And then the Administration picks and chooses what they respond to. They'll
ignore this one but since they responded to the Death Star one, they must be
cool!

------
lettergram
I discussed this with a few friends. And it's really best if nothing is done
with Snowden from the governments perspective.

If they pardon him, they say it's alright to release national secrets based on
"feelings" (even if it's morally correct to do so, they can't have that). If
they try to get him to the US for a public trial, who knows what will happen.
If they bring him home for a secret trial, the risk rioting or a martyr.
Similarly, if they kill him with a direct assassination he will be a martyr,
and they'll be dramatically ruining their image. Finally, if they kill him in
a covert way, no one will believe it and in all likelihood it will be widely
believed it is the governments doing.

By leaving him in this limbo, the government can claim what ever they want
about him without proving it. At the same time, Snowden has no more info to
disclose, although he has a solid and growing cult following.
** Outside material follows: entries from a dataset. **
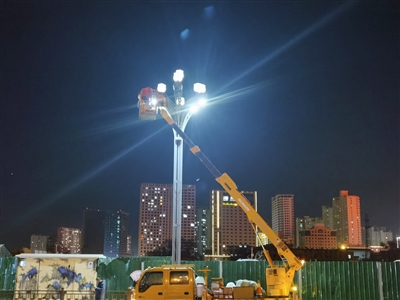 西寧路燈煥新，為城市“補(bǔ)光”為幸�！袄m(xù)航”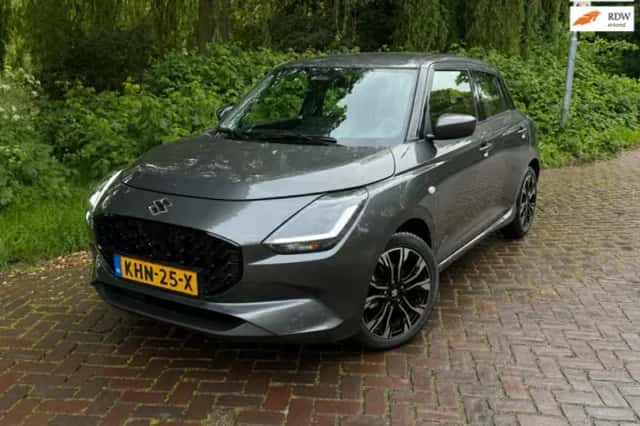 Suzuki Swift (2024) thumbnail 1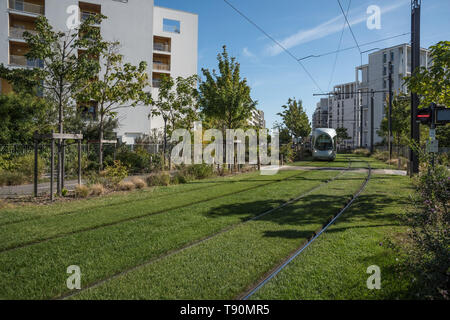 Lyon, dans un Straßenbahntrasse Neubaugebiet begrünte Banque D'Images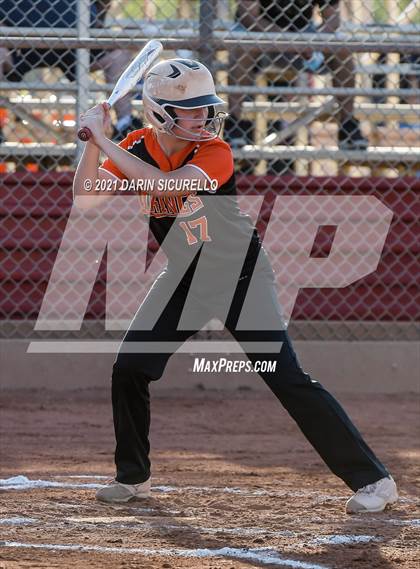 Thumbnail 3 in Hayden vs Williams (AIA 1A Quarterfinals) photogallery.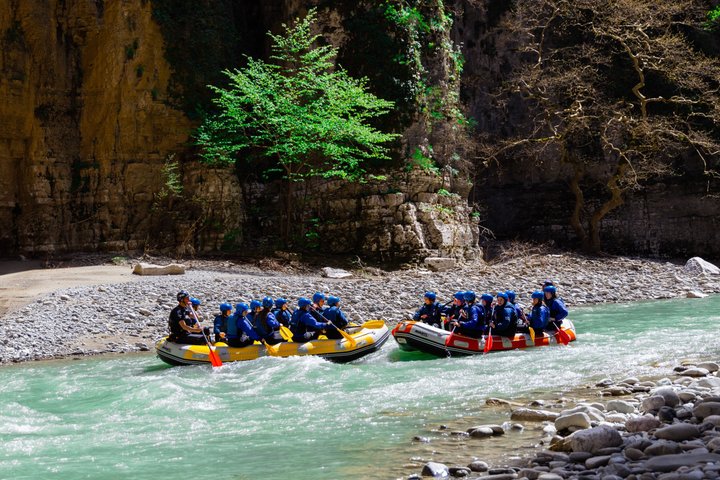 Osumi Canyon Adventure - Rafting & Tubing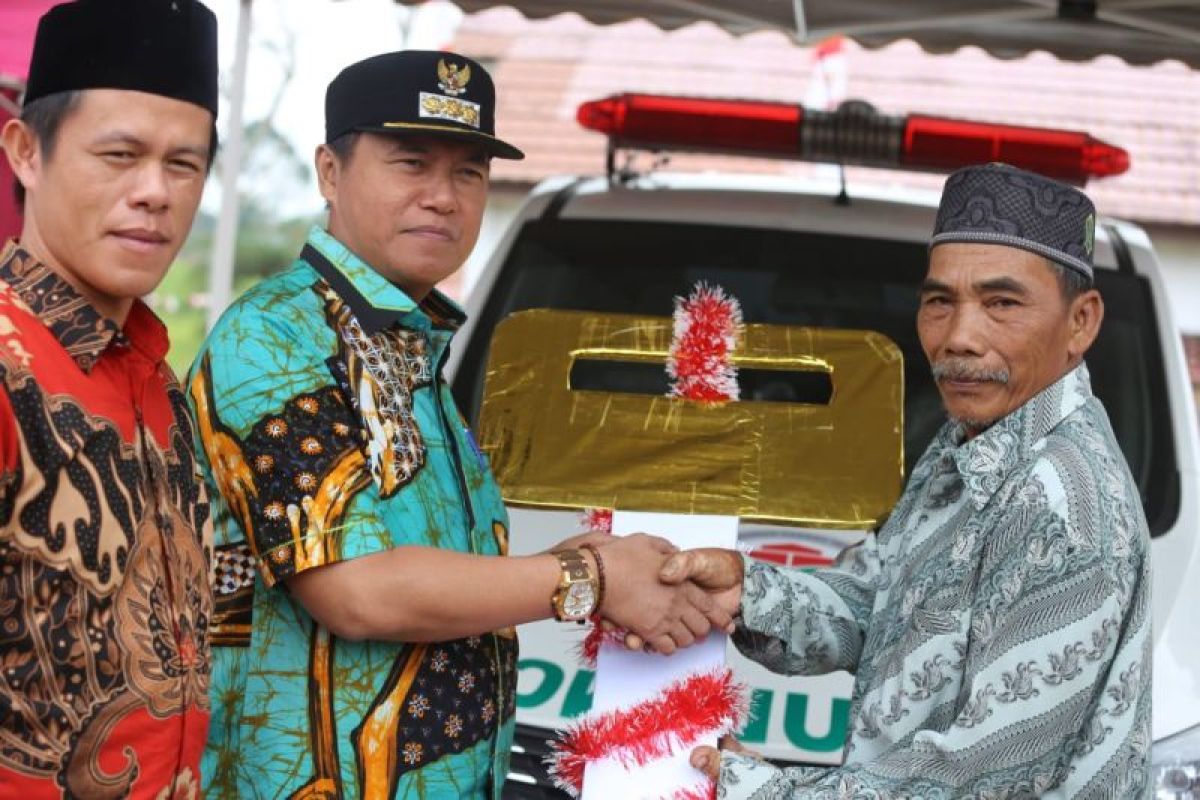 PJ Bupati Lampung Barat serahkan bantuan mobil ambulans ke warga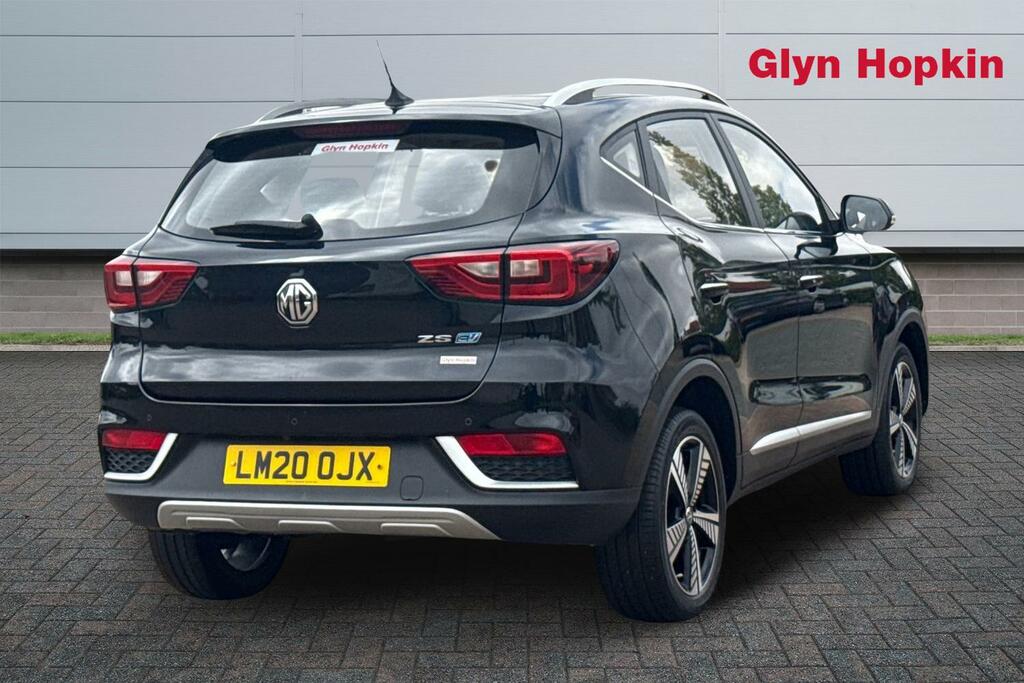 MG ZS 105Kw Exclusive Ev 45Kwh Black #3
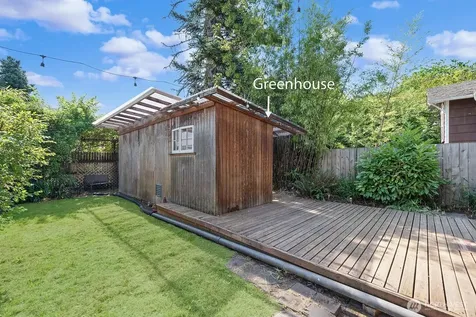 5330 9th Avenue NE Seattle WA 98105
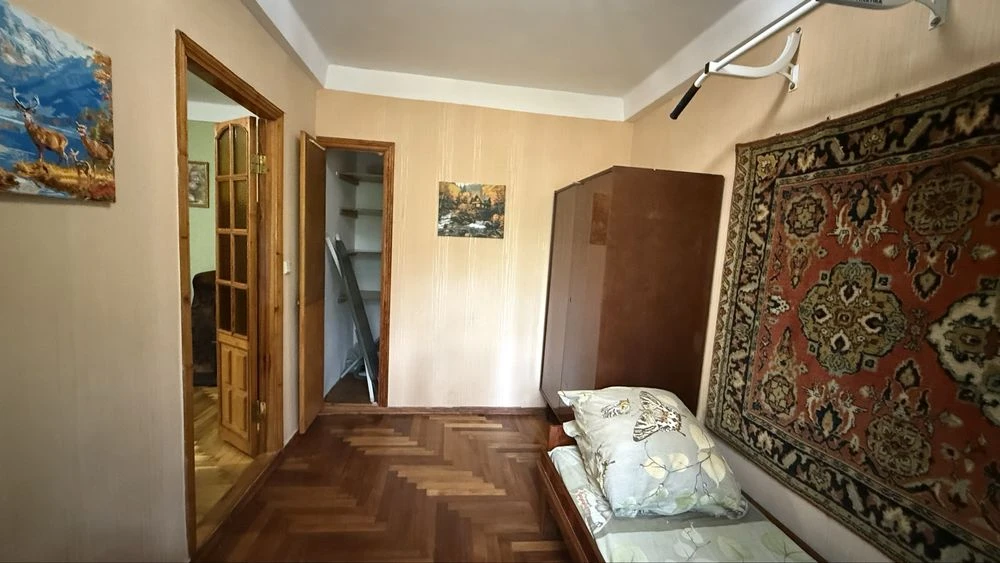 Продается 2-х комн. кв. в центре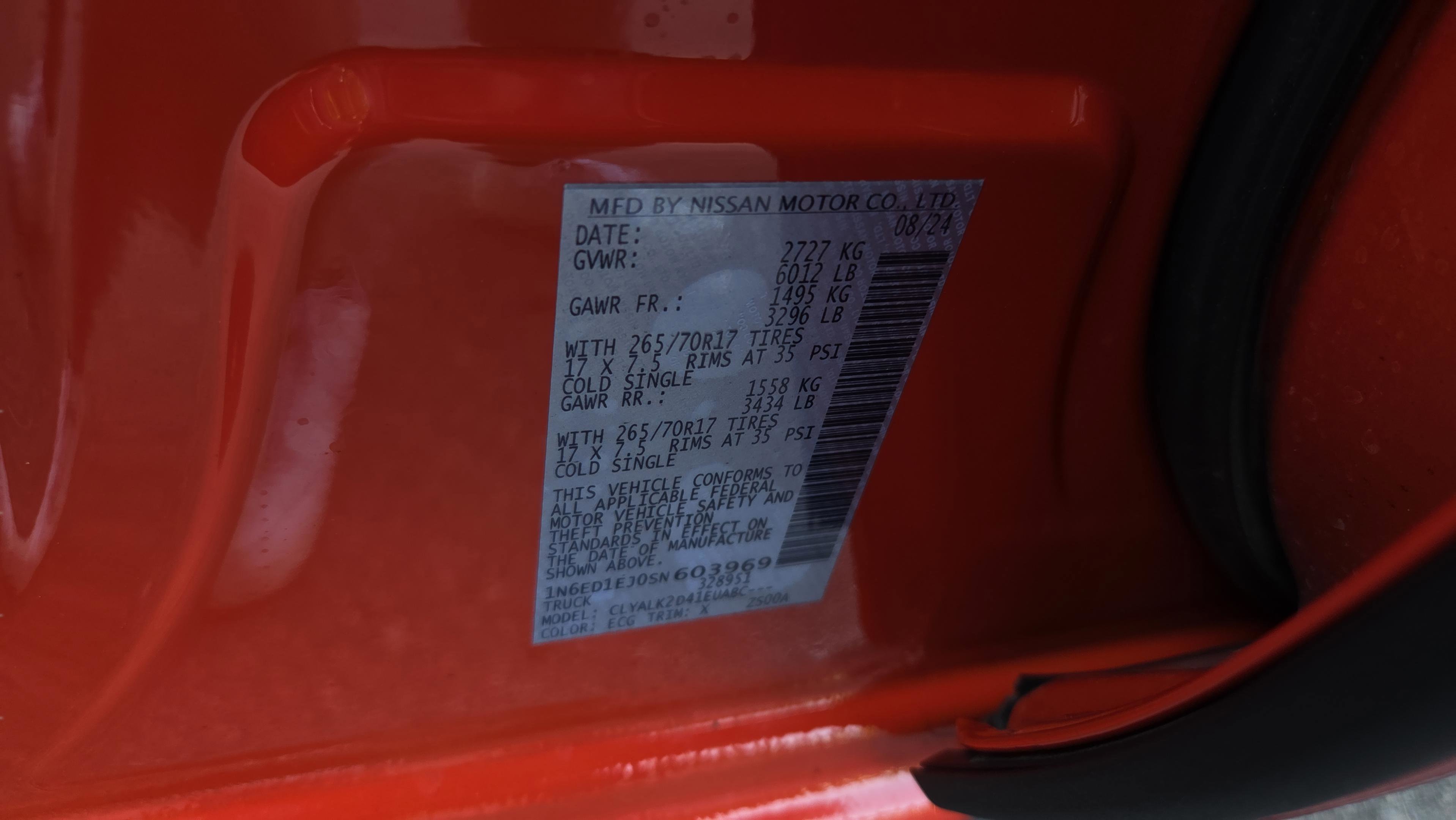 Used 2025 Nissan Frontier Pro-X w/ Pro Convenience Package RWD image 16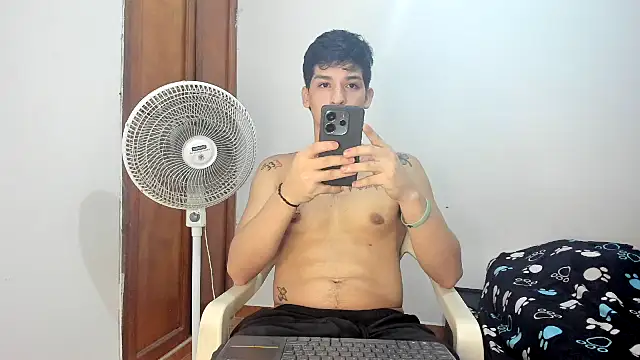 Snapshot of MasterSEX420 chatting on 09-20-25, 11:17 MasterSEX420 online show from 09-20-25, 11:17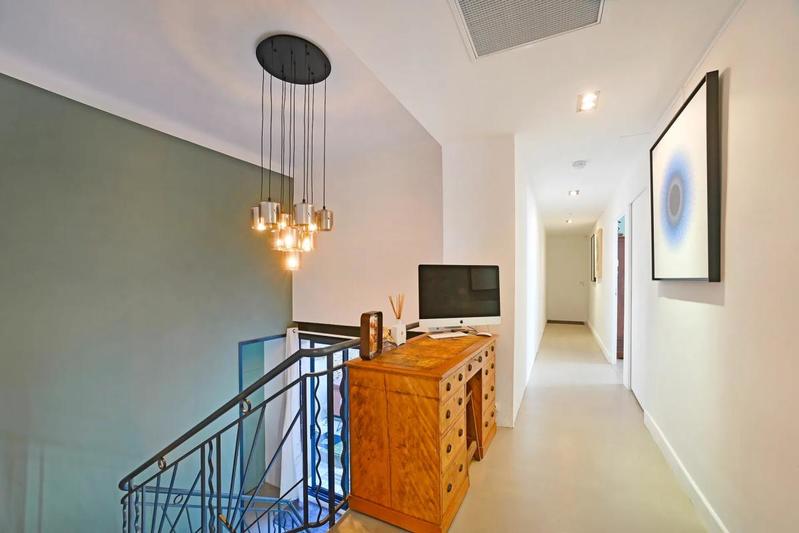 Maison - 250 m² - 7 pièces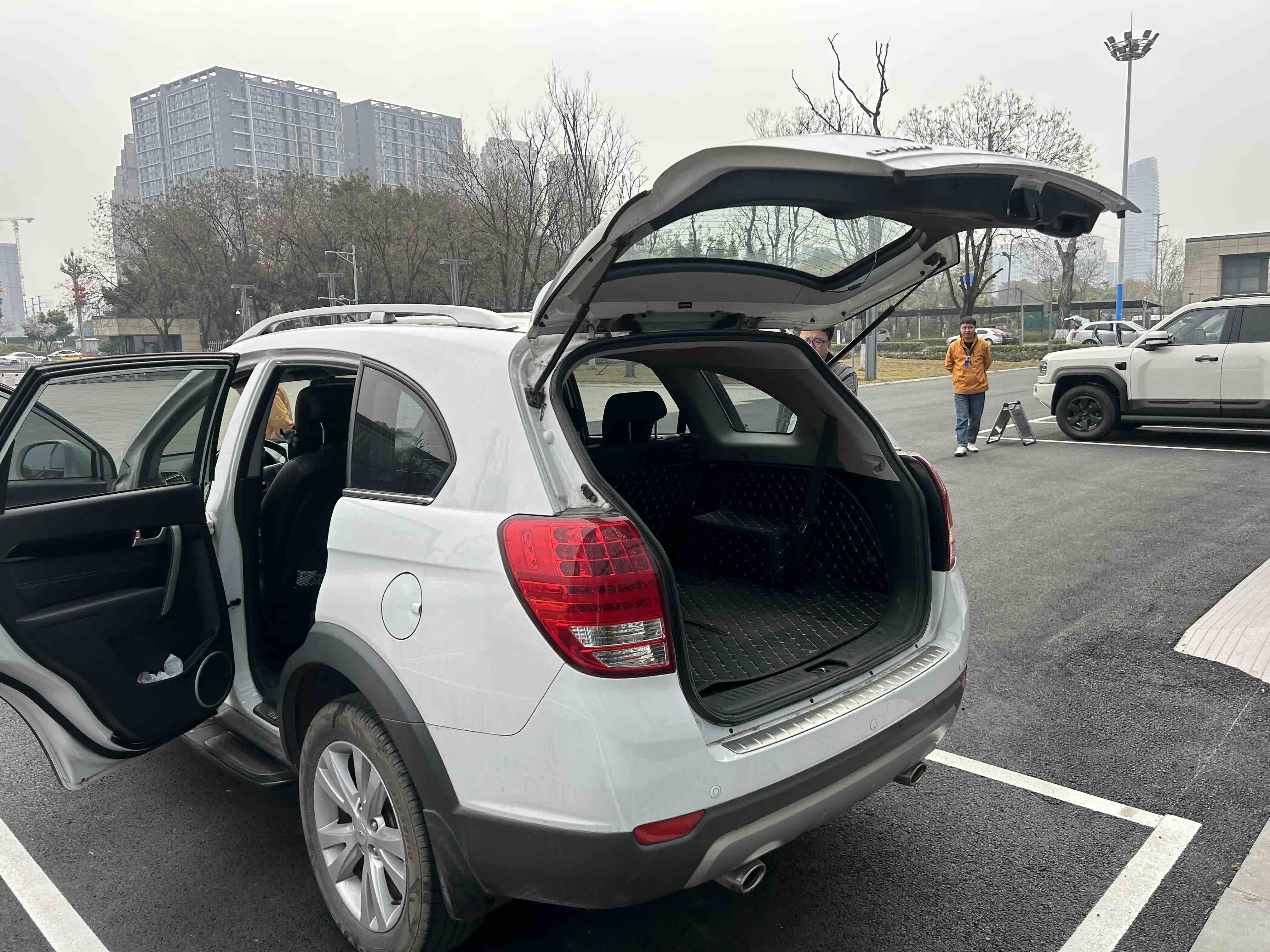 Chevrolet Captiva 2016 car image #11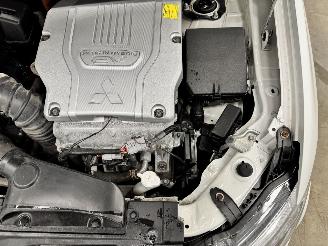 Mitsubishi Outlander 2.0 PHEV 4WD Instyle Navi Clima picture 21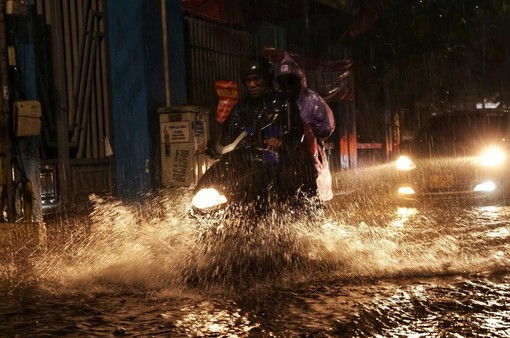 Hà Nội mưa lớn dồn dập gây ngập nhiều tuyến phố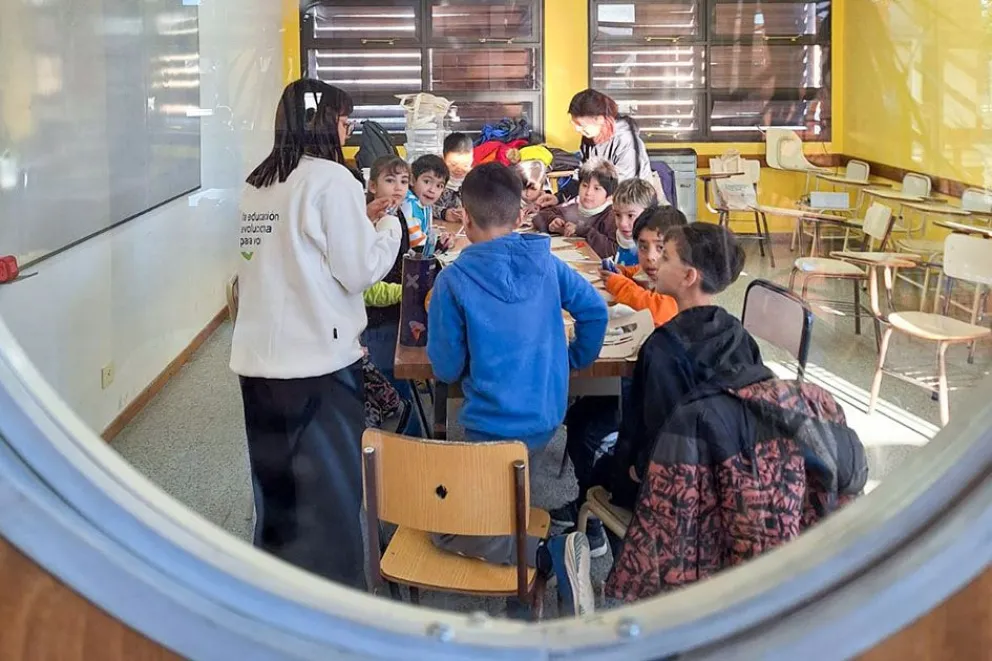 Educación capacitará a equipos de conducción y técnicos sobre entornos digitales
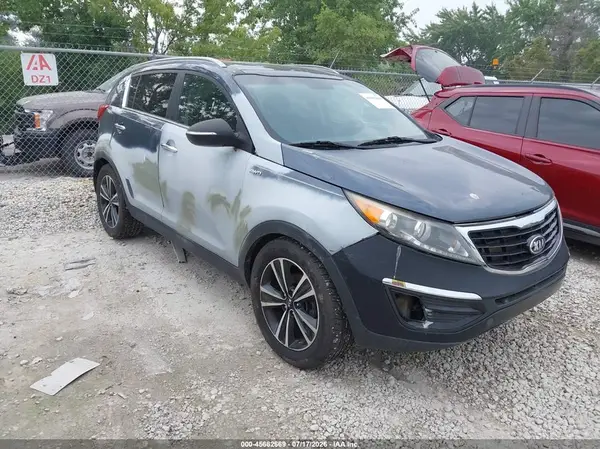 KNDPCCA63G7806104 2016 KIA SPORTAGE - Image 1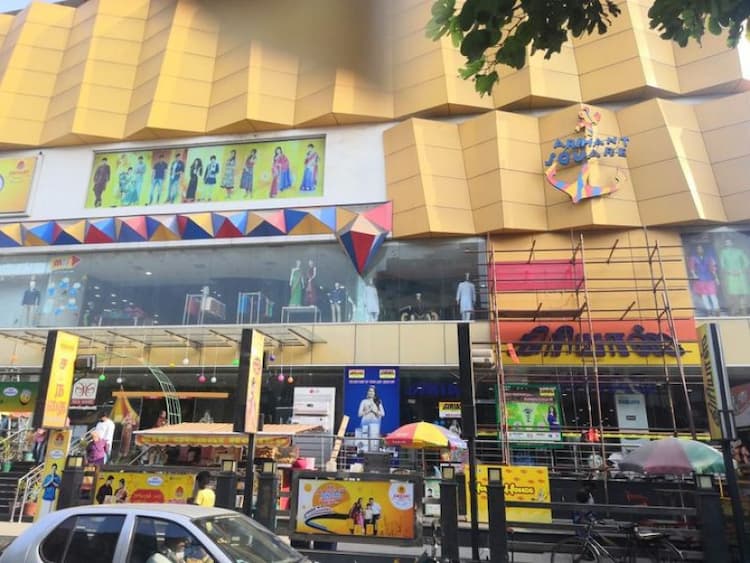 BIGGEST TEXTILE MALL FOR SALE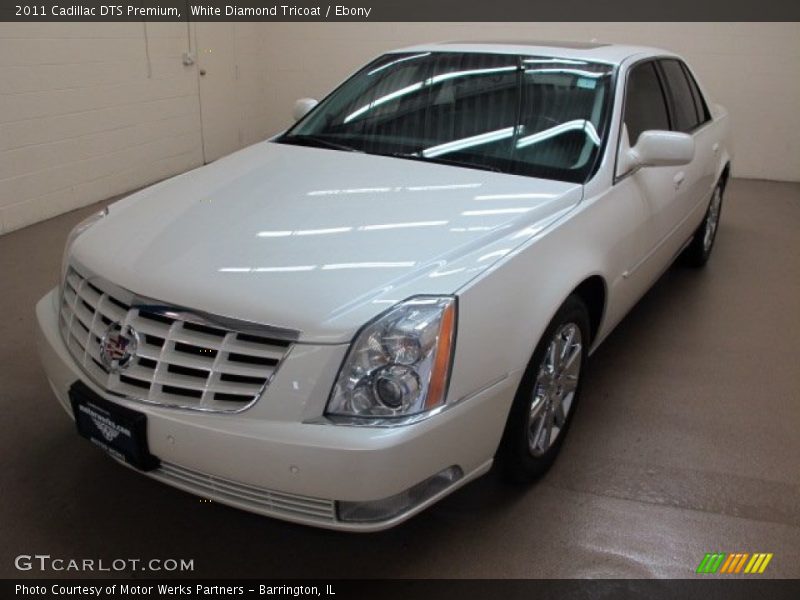 White Diamond Tricoat / Ebony 2011 Cadillac DTS Premium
For the record, I signed this as soon as I heard about it and shared it with
everyone I knew. I think it's important to be counted and try to share and
convince others if your beliefs, if you believe it'll dramatically impact your
future.

What Snowden did and what he stands for is the last chance to have any form of
democracy or privacy. Unfortunately, it appears to have failed, but that
doesn't mean you stop trying to improve things. Perhaps, the younger
generation (millennials and below) will recognize what he did, as opposed to
what the government is trying to spin.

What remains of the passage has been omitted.